My local tyre depot wanted £15 per tyre to replace the valves so I looked into options of doing so myself. I found a few solutions however one looked like the ideal method as detailed below. I needed to buy a few cheap items to do this:
- Xtra tyre bead sealer – £10
- Rubber tyre valves, pack of 10 – £2.95
- Tyre valve removal tool – £2.25
- A few drops of washing-up liquid
All prices included delivery, all bought from Ebay. They’ll be plenty left over for other repairs in the future if needed.
The wheel was already off the van. I began by removing the tyre valve core, using the removal tool. It just unscrewed from the centre.
Next I placed the wheel partially under the camper van, under a jacking point with the tyre valve next to it. I placed an old rag over the tyre to project it. I then attached the jack to the vehicle with a small metal plate underneath.
As I wound the jack up with pressure on the side of the tyre this broke the sealant around the edge. Once the one section was free I was easily able to push the tyre edge down all the way around. I needed to do this as I’d need to reseal the edge.
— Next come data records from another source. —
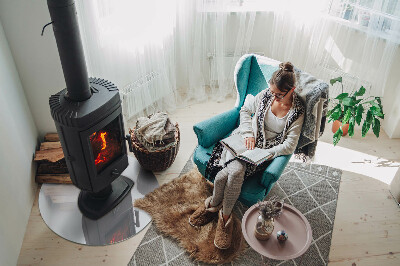 Glass hearth for stove round Color Light grey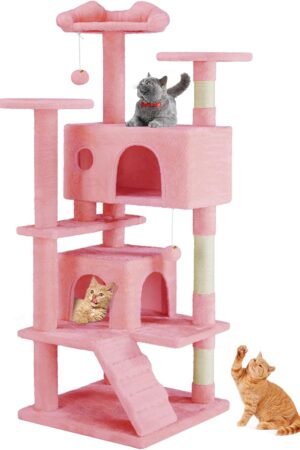Multi-Level Cat Tree Tower with Scratching Posts, Platforms & Condos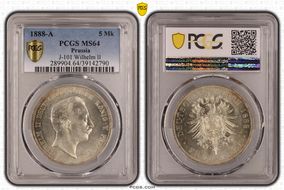 1888-A 5 Mk J-101 Wilhelm II MS64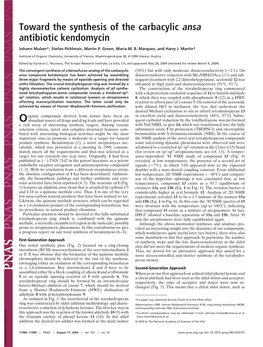 Toward the Synthesis of the Carbacylic Ansa Antibiotic Kendomycin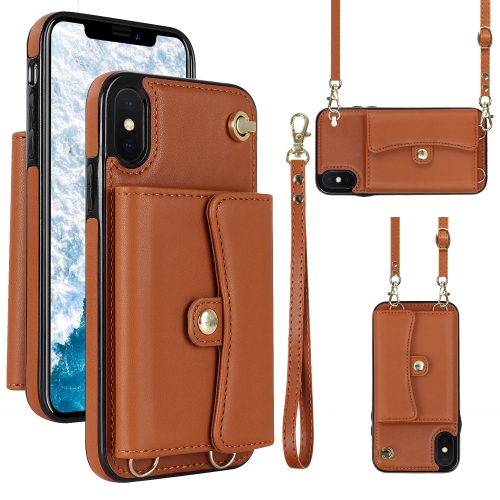 

For iPhone XS Max RFID Card Slot Phone Case with Long Lanyard(Brown)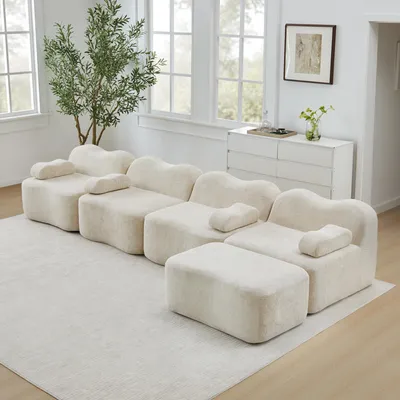 Zdjęcie produktu dla Modułowa sofa czteromiejscowa w kształcie litery L o falistym kształcie, aksamitna, z podnóżkiem, z głębokim siedziskiem, 384 x 167 x 70 cm, beżowa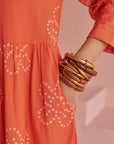 Orange Bandhej Gathered Dress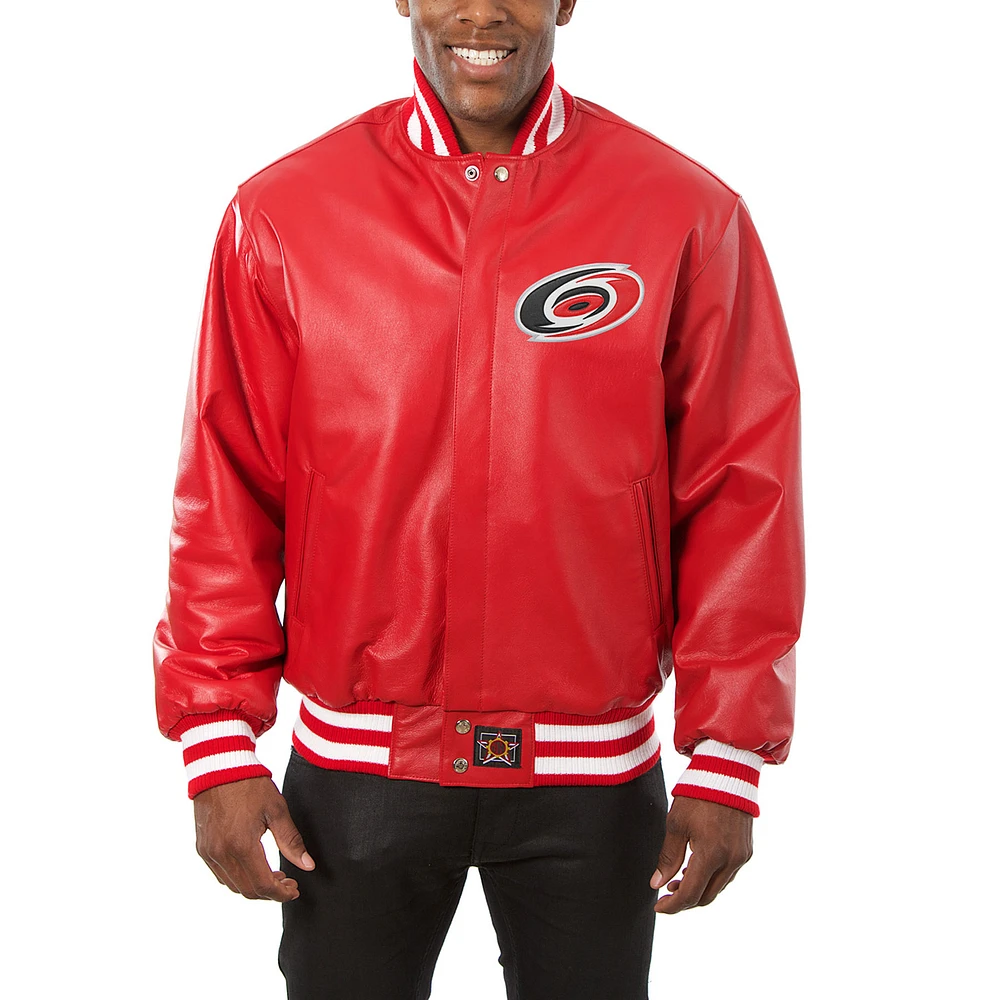 Men's JH Design Red Carolina Hurricanes Big & Tall All-Leather Jacket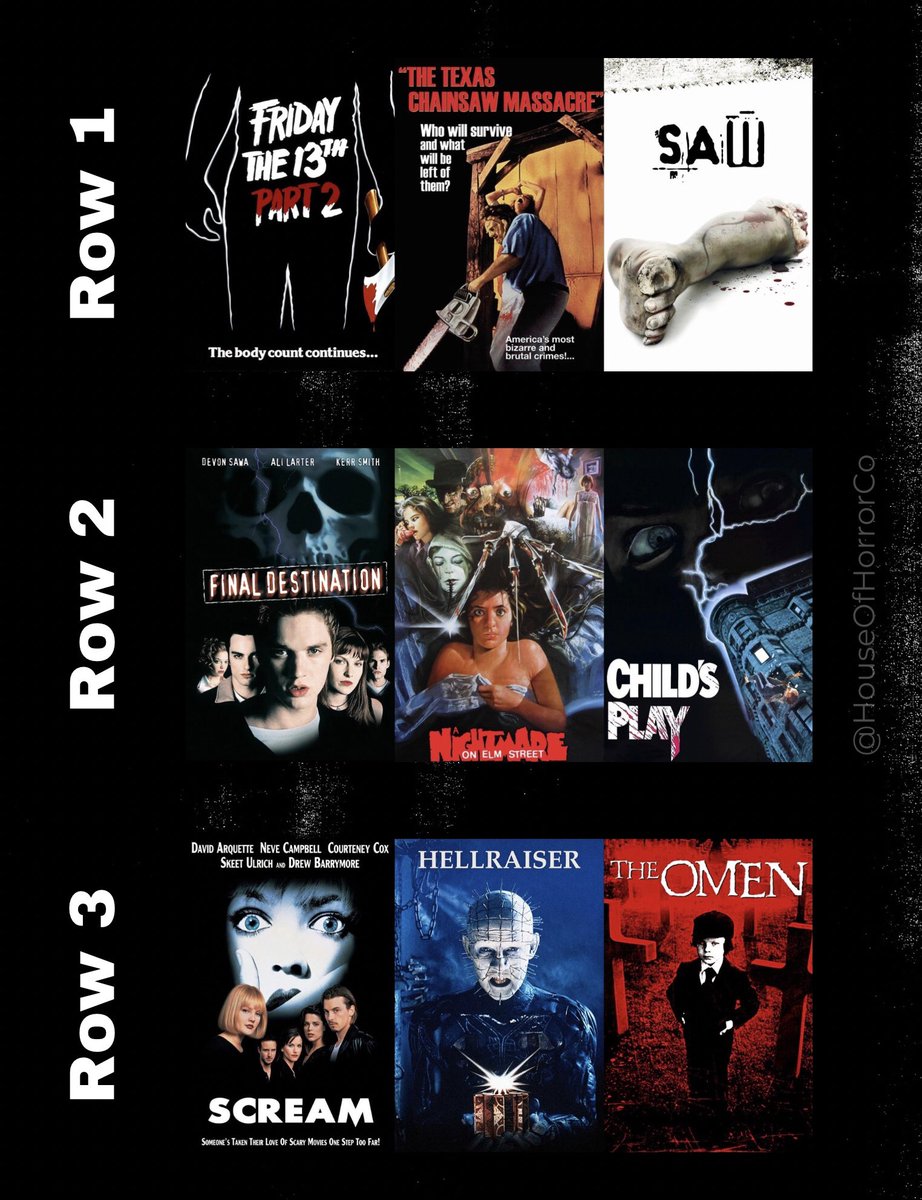 HouseOfHorrorCo's tweet image. Choose your favorite row!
Using a Stanley knife I then chopped off the original tyre valve which was already half broken through, and removed the end from inside the wheel. Next I used a few drops of washing-up liquid and rubbed this over the new tyre valve to act as lubricant, it’s recommended not to use oil as this can cause the rubber to perish. I then inserted the new valve from inside the wheel as far as I could. I screwed the tyre valve removed tool to the threads on the valve, then pulled this through and into place using mole grips before wiping off the excess washing-up liquid.
With another clean rag I then gave the tyre edge, and the inside of the rim a quick clean. Next I used the bead sealer, which had a brush inside the lid to paint inside the metal wheel rim. Once I’d done this I replaced the tyre valve core using the valve removal tool.
I then released the jack and removed the tyre. I attached to my compressor and refilled the tyre with air. It filled fine, with no leaks. I then repeated the process for the other rear wheel which also had a cracked valve as that would no doubt be the next to go. This worked fine too.
I’d say this was a very successful repair, and didn’t take long to do. I wouldn’t try this method with old perished tyres as I imagine it could damage them however worked fine with my decent tyres and left no marks.